The condition is often diagnosed during a 22-week anomaly scan, when some anomalies are normally visible. These would normally include overlapping fingers and rocker-bottomed feet, if present. After 22 weeks, the abnormalities are more difficult to detect by scan. Testing by amniocentesis can confirm the diagnosis.
Breach of Duty
Expert evidence was obtained from a sonographer. Although no recording of the anomaly scan was available, it was the sonographer's evidence that the finding of a two vessel cord should have raised the index of suspicion that the fetus had Trisomy 18 and led to a more detailed examination. A more detailed examination would have detected the abnormalities of rocker-bottomed feet, an abnormal angle of the right foot, abnormalities of the hands, two muscular VSDs and abnormally positioned renal tissue. The Claimant should then have been advised that her baby had abnormalities indicative of Trisomy 18 and have been offered amniocentesis to confirm or exclude the diagnosis. The advice that the only apparent risk was an increased chance of Down's syndrome was wrong.
Causation
The Claimant's evidence was that, had she been advised of the increased risk of her baby having Trisomy 18, she would have elected for further testing (which is what she did in the USA when advised of abnormalities seen on the ultrasound). She would have terminated the pregnancy in the knowledge that it was unlikely that her baby would survive until birth and that, if in fact born alive, would have no chance of long-term survival. She argued that her strong belief in the sanctity of life (which was the ground of her challenge to the High Court application to withdraw life support) was consistent with her willingness to terminate a pregnancy. In her view, different principles apply to a fetus in the early stages of pregnancy and a child once born.
Losses
Claimant's loss of autonomy: £17,750
This was an award for being deprived of the opportunity of deciding to end the pregnancy. The award for this head of loss made in Rees v Darlington in 2003 was £15,000. Increased in line with inflation, an award was claimed at £17,750.

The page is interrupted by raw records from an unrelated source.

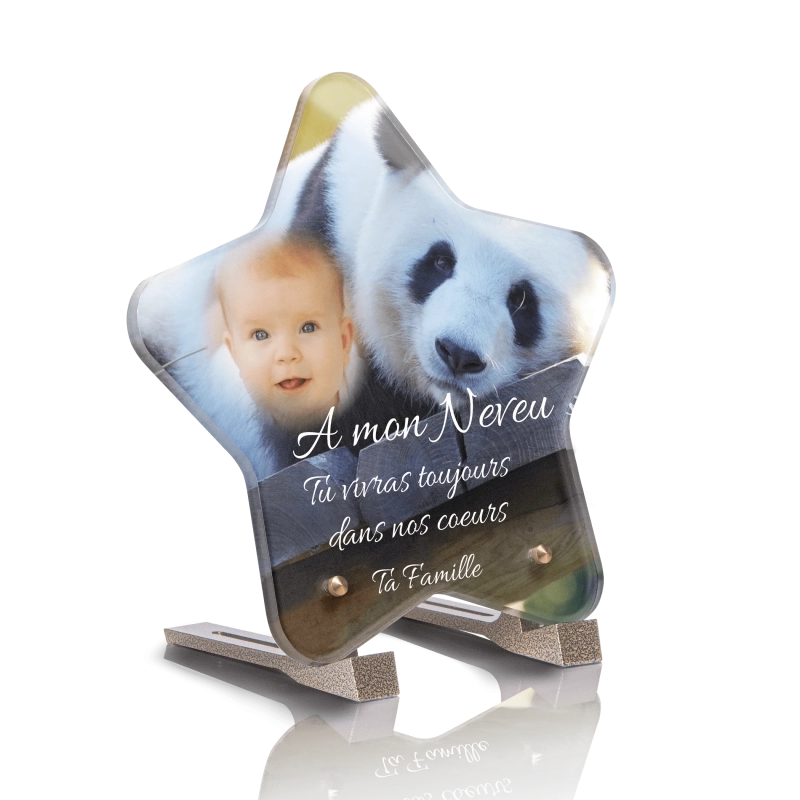 Plaque Tombale Panda Etoile Plaque Tombale Panda Etoile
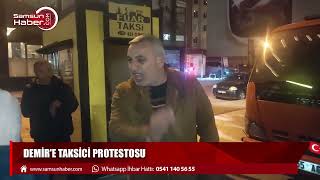 Demir' taksici protestosu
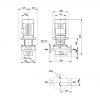 Габариты центробежного насоса Grundfos TP 32-320/2 BAQE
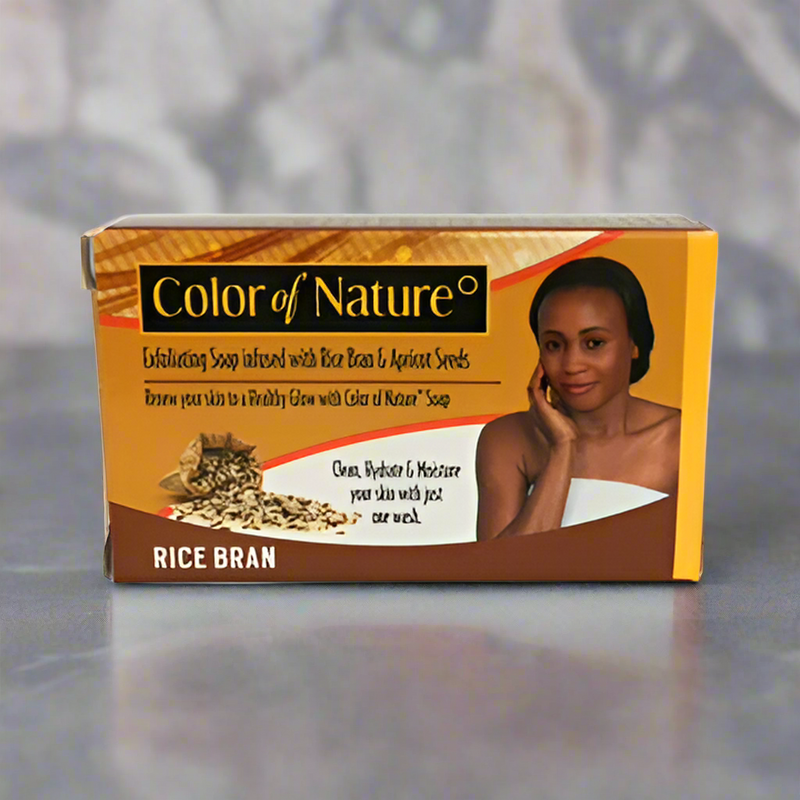 Color of Nature Exfoliating Rice Bran Soap 7 oz / 200 g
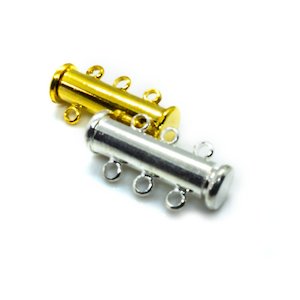 Clasps: Magnetic Slide Lock Tube Clasp 20mm x 11.5mm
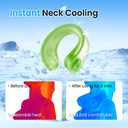 OutCool U-Flex Neck Coolers, Cooling Tube Wraps for Outdoor Cooling, Reusable Ice Packs for Migraine Shoulder Relief, Stress, Summer Hot Flashes, Outdoor Working, Travel, Green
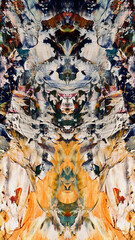 Abstract background wallpaper. Ethnic pattern. Mixtures of oil paint. Trendy hand painting canvas. Wall decor and Wall art prints Idea. 3D Texture. Art object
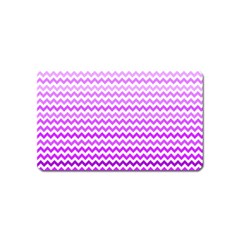 Purple Gradient Chevron Magnet (name Card)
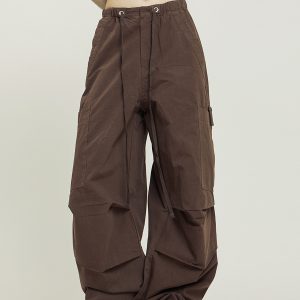 Vintage-Inspired Loose Straight Cargo Pants for Men & Women, Slightly Flared Wide-Leg Casual Style, 90s Y2K Fashion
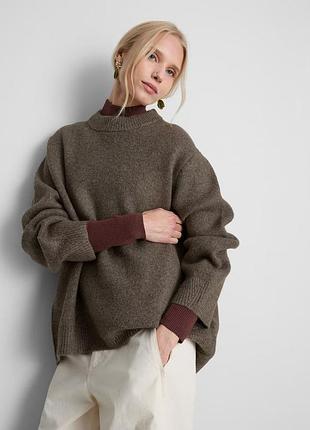 Теплий об'ємний светр оверсайз primark cares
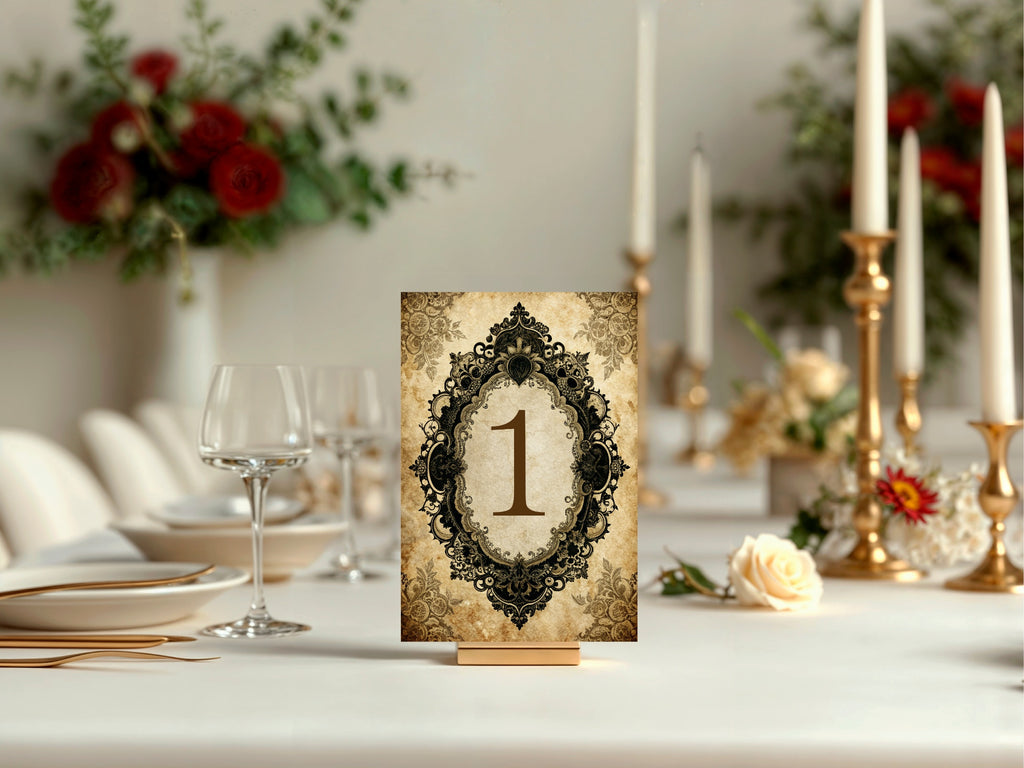 Black Lace Oval Frame Wedding Invitation Suite Bundle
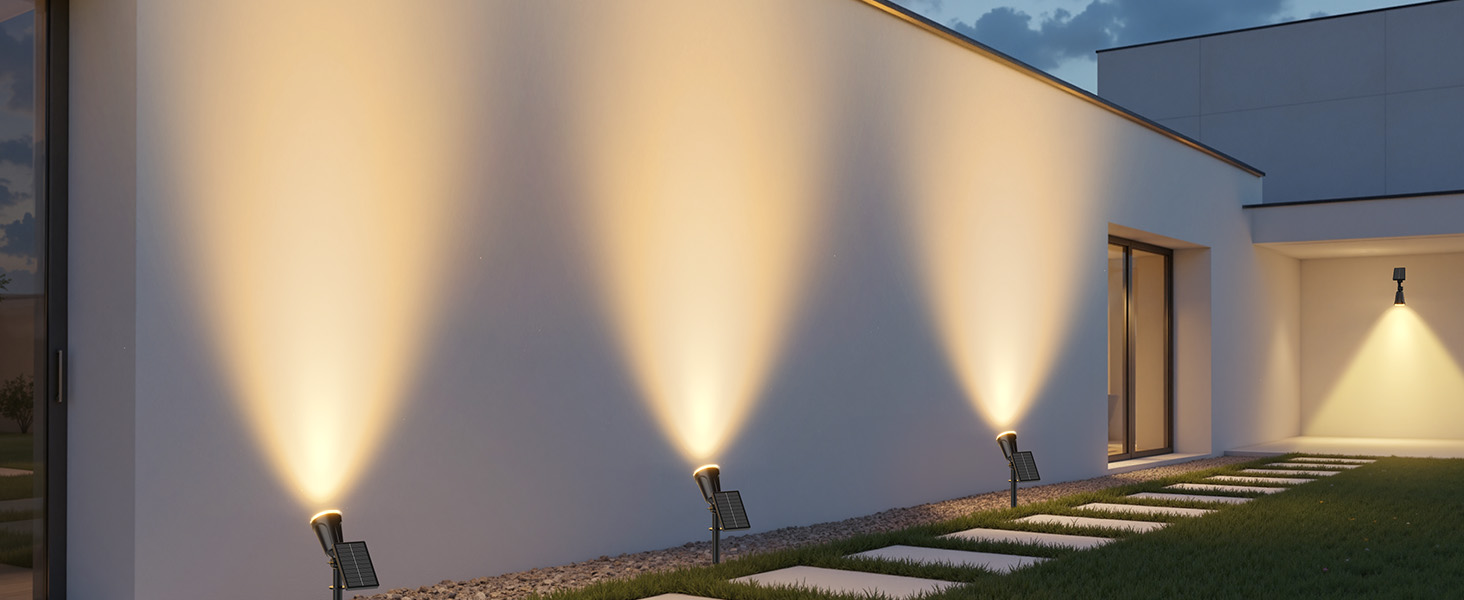 versatile solar spotlights waterproof solar powered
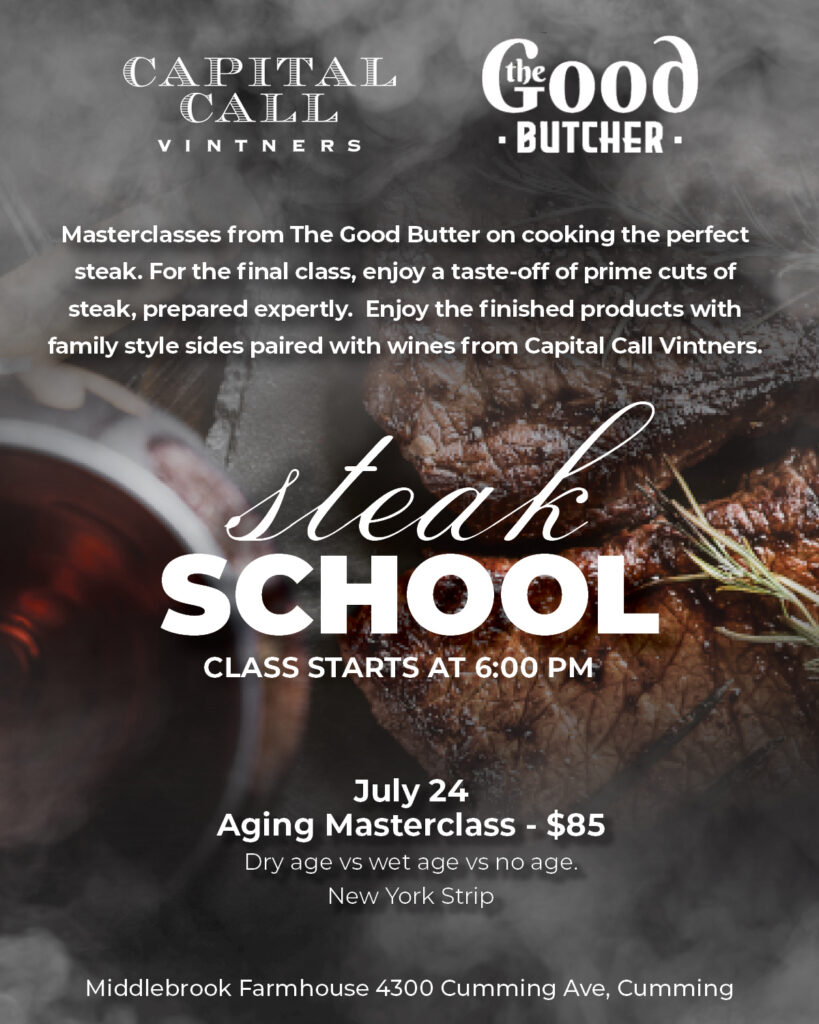 graphic for steak school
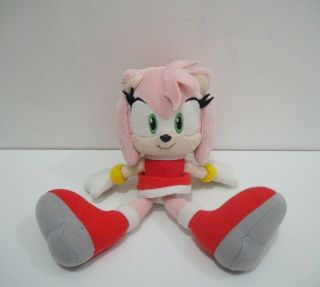 Rare Amy Rose Sonic The Hedgehog Sanei Sega No Tushtag Plush S 9 " Doll Japan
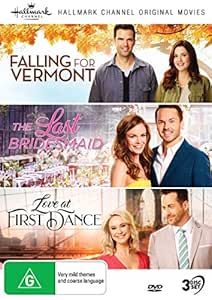 Hallmark 3 Film Collection Falling For Vermont The Last Bridesmaid Love At First Dance Julie Gonzalo Rachel Boston Paul Campbell Benjamin Ayres Niall Matter Movies Tv Amazon Com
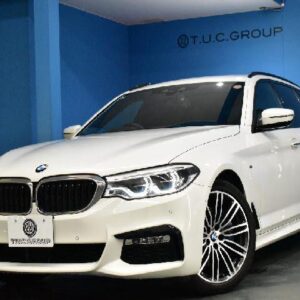 2018 Bmw 5 Series white gasoline used car Japan export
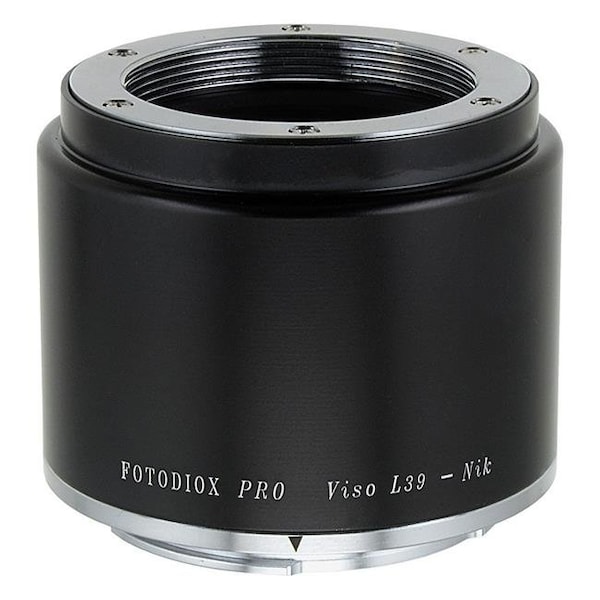 Fotodiox M39-Viso-NikF-Pro Pro Lens Mount Adapter - M39-L39 Visoflex SLR Screw Mount Lens To Nikon F Mount SLR Camera Body M39-Viso-NikF-Pro - main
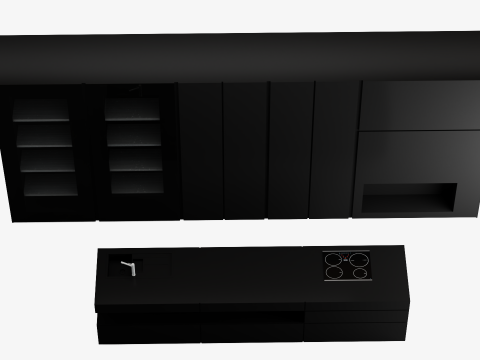 Kitchen Set Model 3D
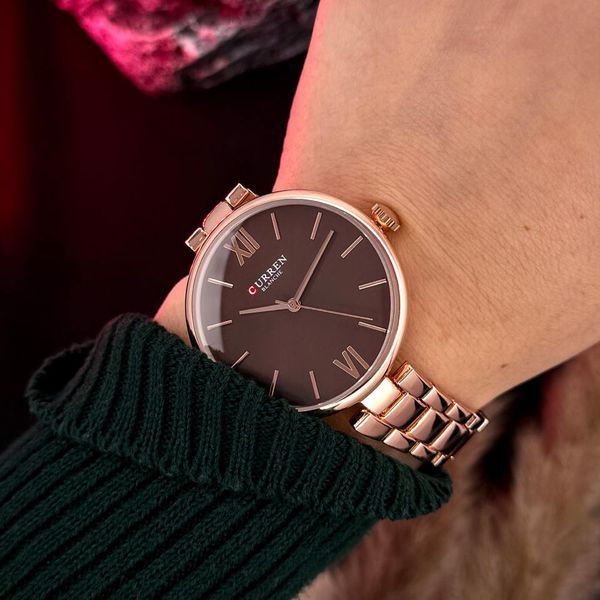 Curren 9017 Rose Gold-Red 1008-0544 фото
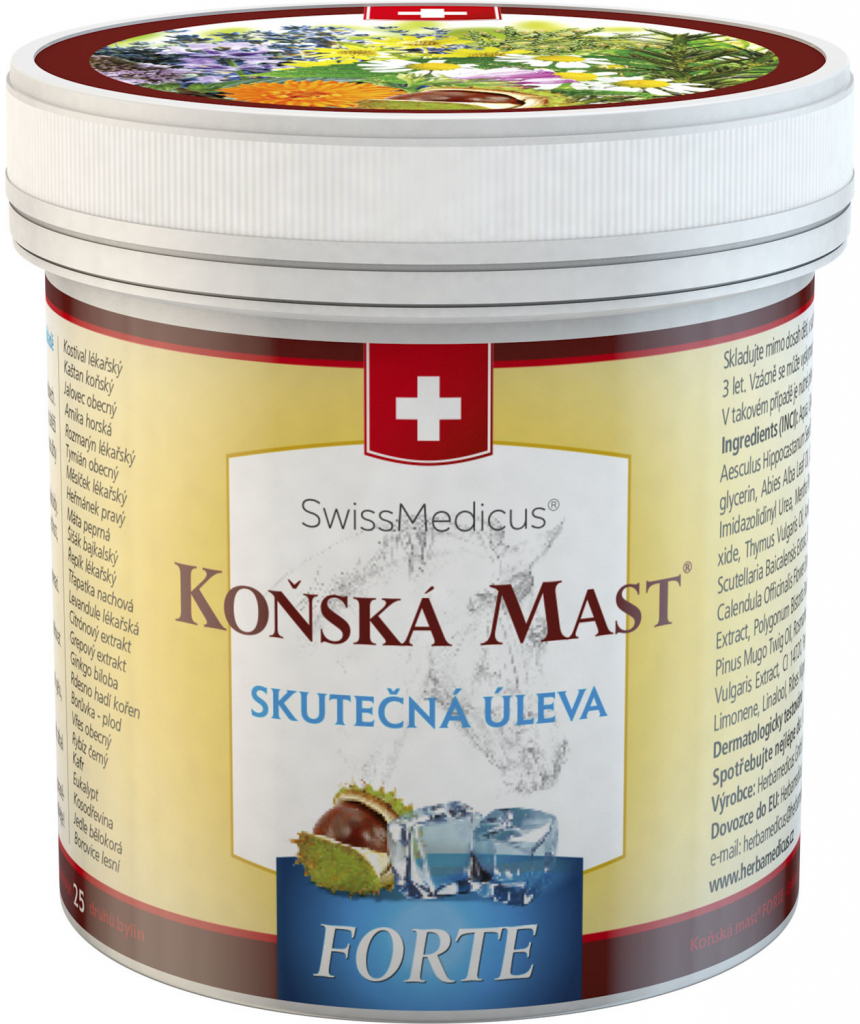 Herbamedicus konská masť Forte chladivá 250 ml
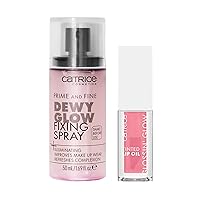 Glossin' Glow Tinted Lip Oil 10 & Dewy Glow Spray | Full Coverage Makeup | Vegan & Cruelty Free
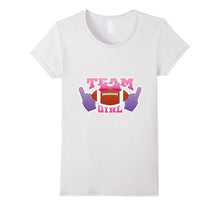 Gender Reveal Football Team Girl Tee Shirt Pink or Blue Love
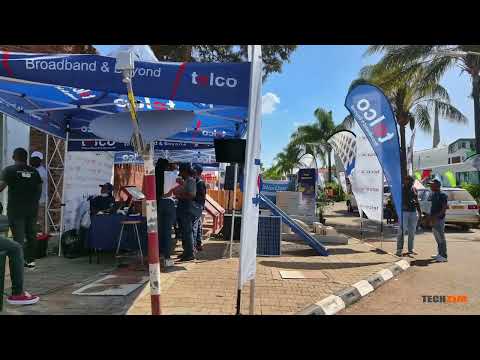 Image for YouTube video with title Telco at ZITF 2022: solar equipment, internet packages & mobile computer lab viewable on the following URL https://youtu.be/KWtqfAiG6YI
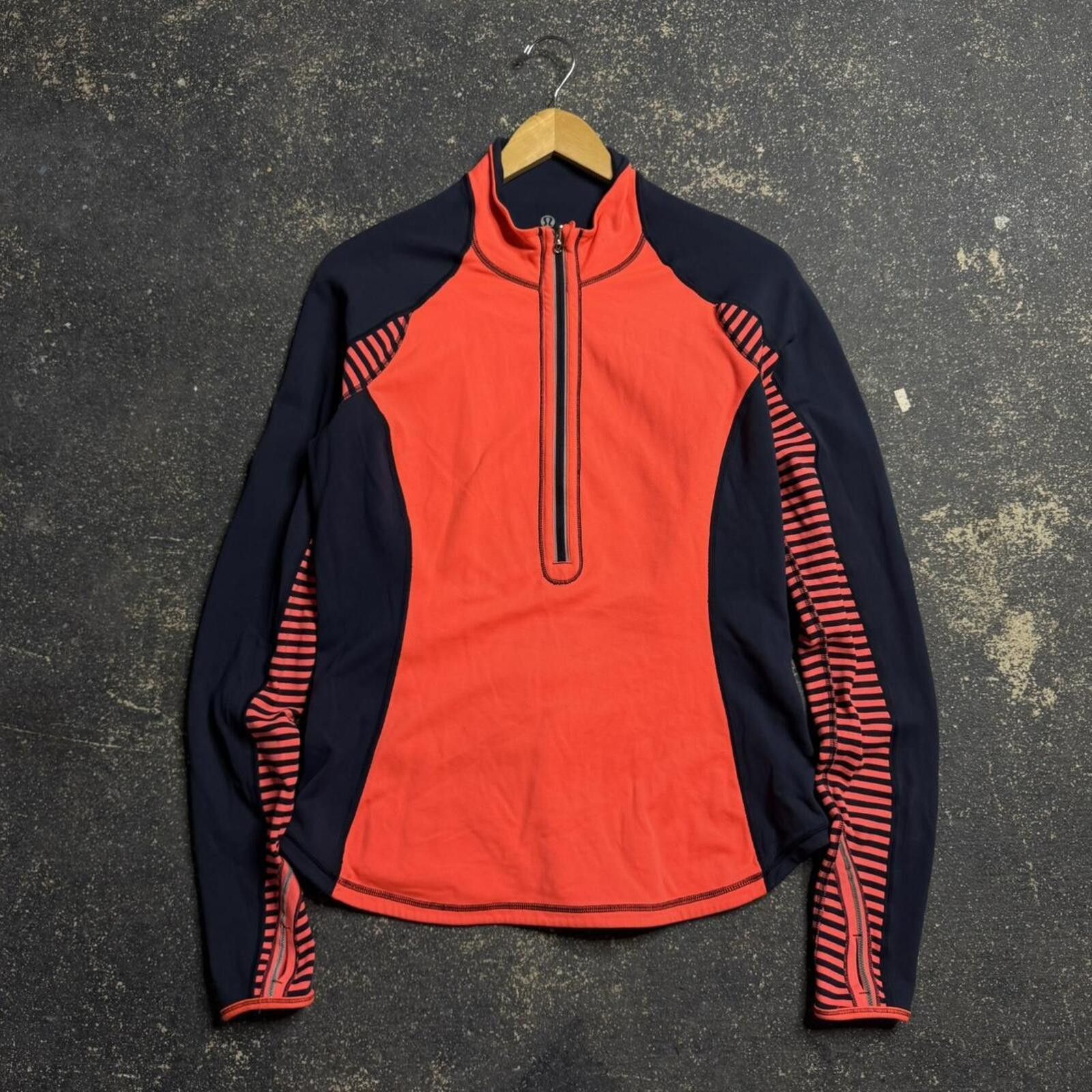 Lululemon Lululemon "Run: With It" Flash Reflective 1/2 Zip Size US M / EU 48-50 / 2 - 1 Thumbnail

The claim for special damages comprised:
£2358 £266 £280
£20,654
Pre-action correspondence
In response to a letter of claim, breach of duty was denied. The Defendants alleged that the scan was carried out by an experienced sonographer, who was a clinical fellow in fetal-maternal medicine. He looked carefully for anomalies to exclude chromosomal problems or genetic syndromes and, having made a finding of a two vessel cord (which raised the possibility of Trisomy 18), specifically looked for other anomalies. He undertook an exceptionally thorough review of the anomaly scan and recorded ‘no other markers of aneuploidy’. He re-calculated the risk of Trisomy 18 to 1 in 156, based on the Claimant's age, screening results and finding of the two vessel cord.
Further, the Trust alleged that the Claimant was advised of the increased risk of Trisomy 18, properly counselled that a definitive diagnosis could only be made on the bases of recommended amniocentesis and that the risk was fully explained. The Trust alleged that the Claimant declined the opportunity for definitive diagnosis to be made.
The Defendants said that they would ‘vigorously defend’ any legal proceedings. Proceedings were issued and served.
Settlement
At issue, the Claimant made a Part 36 offer to accept £18,500. Before service of a Defence, the Defendants' offered to settle the claim for £13,500. After negotiation, an increased offer of £15,750 was accepted. The award represented 76% of the sum claim. The reduction reflected the risk of a reduction of special damages and the more significant risk of failing to establish breach of duty and causation at trial.